Del Evangelio de san Mateo 21, 1-11. Adaptación.
En aquel tiempo, cuando se acercaban a Jerusalén y llegaron al monte de los Olivos, envió a dos discípulos diciéndoles:
«Id a la aldea de enfrente, encontraréis enseguida una borrica atada con su pollino, los desatáis y me los traéis.
Fueron los discípulos e hicieron lo que les había mandado Jesús: trajeron la borrica y el pollino, echaron encima sus mantos, y Jesús se montó.
La multitud alfombró el camino con sus mantos; algunos cortaban ramas de árboles y alfombraban la calzada.
Y la gente que iba delante y detrás gritaba: «¡Hosanna al Hijo de David! ¡Bendito el que viene en nombre del Señor! ¡Hosanna en las alturas!».

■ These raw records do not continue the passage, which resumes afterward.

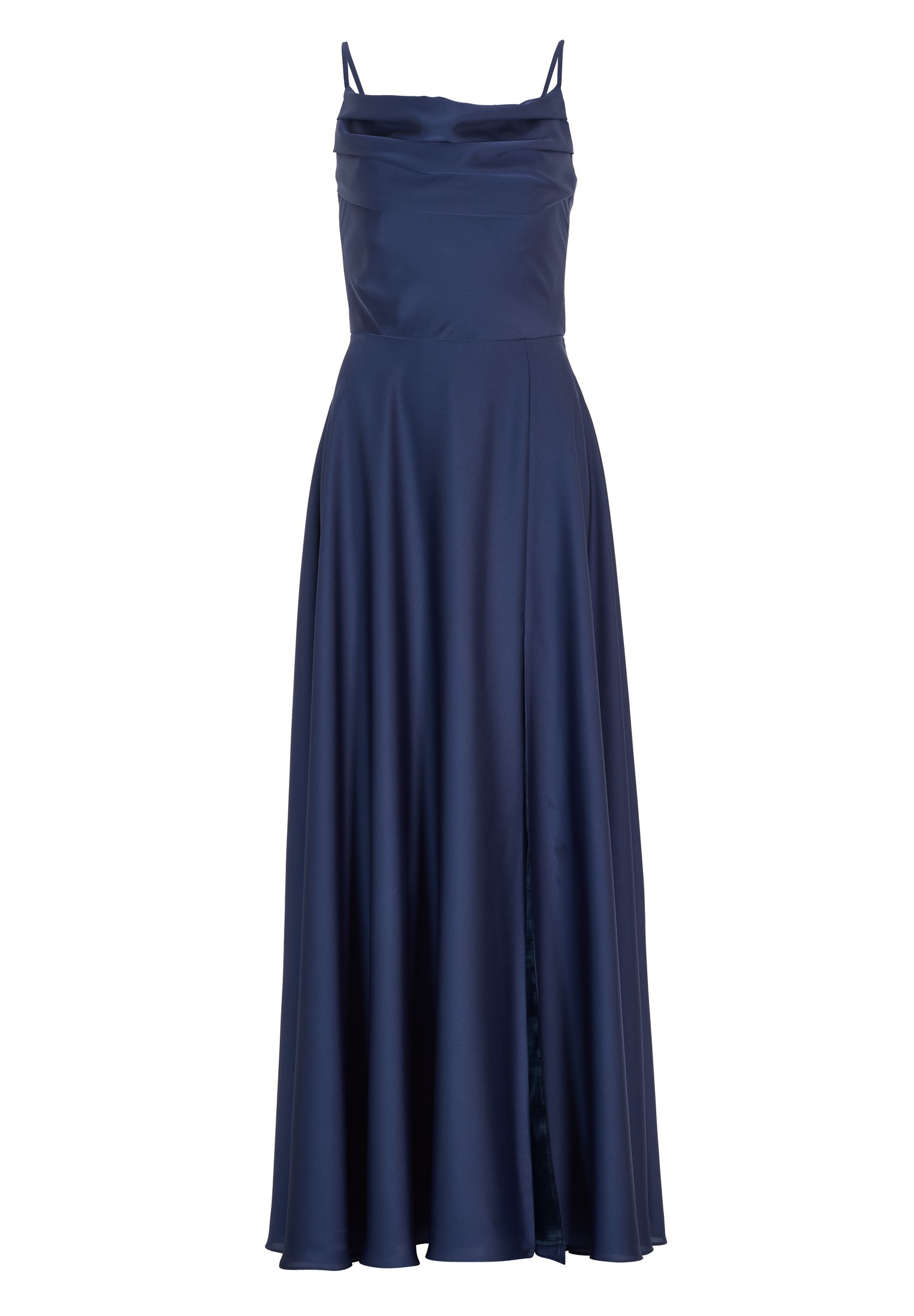 Abendkleid aus nachhaltigem Satin mit Wasserfall-Ausschnitt und Beinschlitz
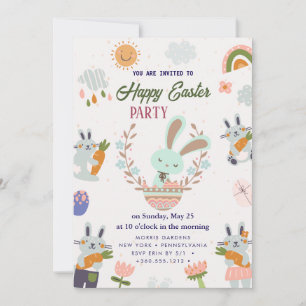 Happy Easter Brunch en Egg Hunt Uitnodiging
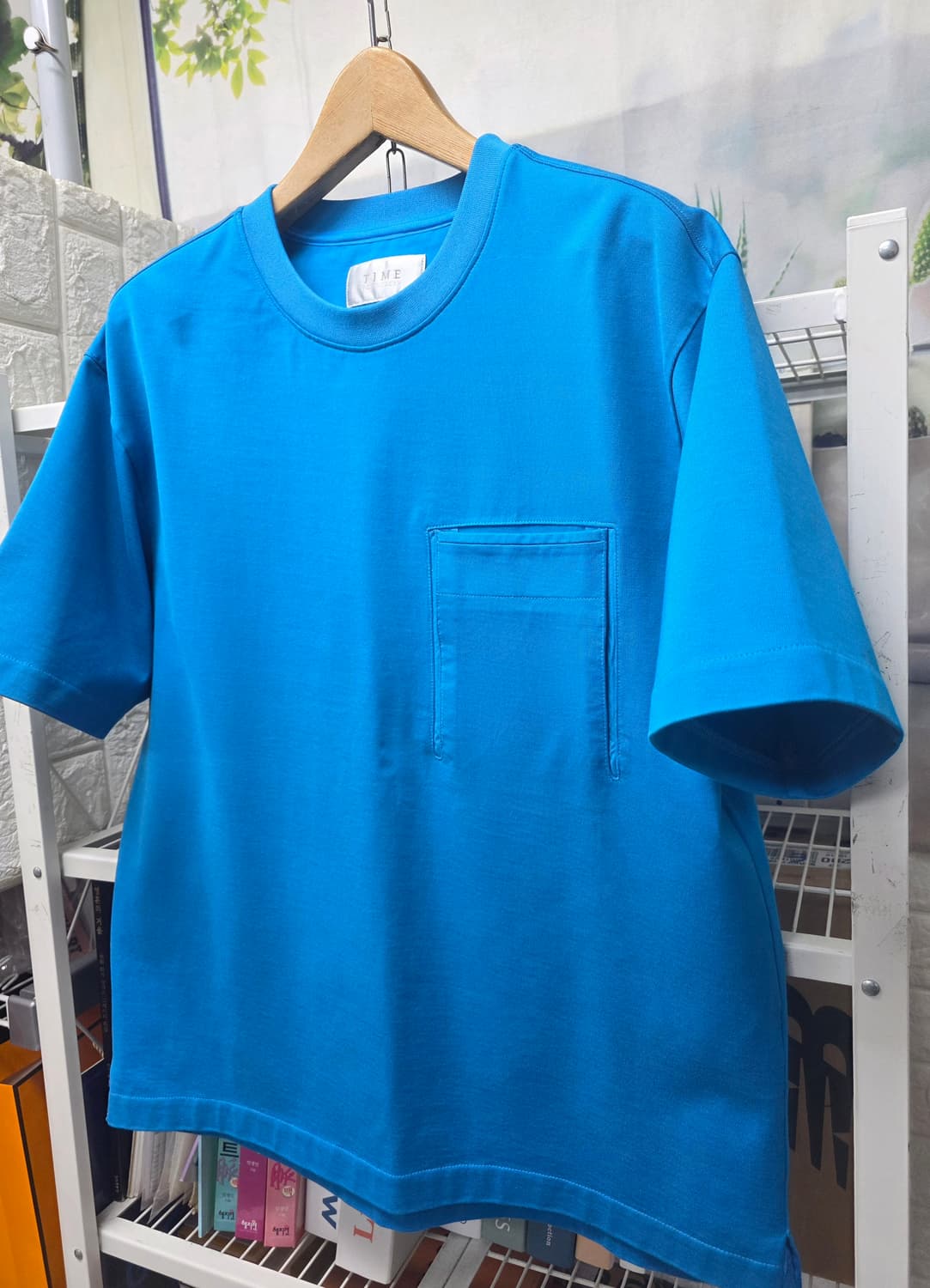 타임 옴므 남성 반팔티 105 라운드넥 블루 MM77 상품이미지2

Jesús, me imagino las calles de Jerusalén, llenas de gente, escuchando los gritos, viendo el revuelo, notando que algo importante está pasando. Y me pregunto: ¿te dejaría entrar yo en mi casa? A veces te aclamo con palabras, pero me cuesta abrirte las puertas a aquello que no entiendo, lo que me cuesta cambiar.
Tú vienes humilde, en un asno, sin forzar, esperando mi confianza. Enséñame hoy a preguntarme en mi corazón: ¿quién eres para mí? ¿Un amigo? ¿Un hermano? ¿Un Padre? Recuérdame que no estoy solo, dame valentía para abrirte la puerta de mi corazón. Entra, Señor.
Amén.
El Domingo de Ramos la gente alababa a Jesús, pero luego, cuando lo capturan para matarlo, todos salen corriendo, algunos incluso hablan mal de él y lo acusaban. Hoy voy a acoger al Señor en mi corazón, celebrando la fiesta que es, y me voy a proponer vivir toda la Semana Santa que hoy empieza cerquita de él, para cuando llegue la Pascua de Resurrección estar preparado y celebrarlo con él, y ser siempre su amigo.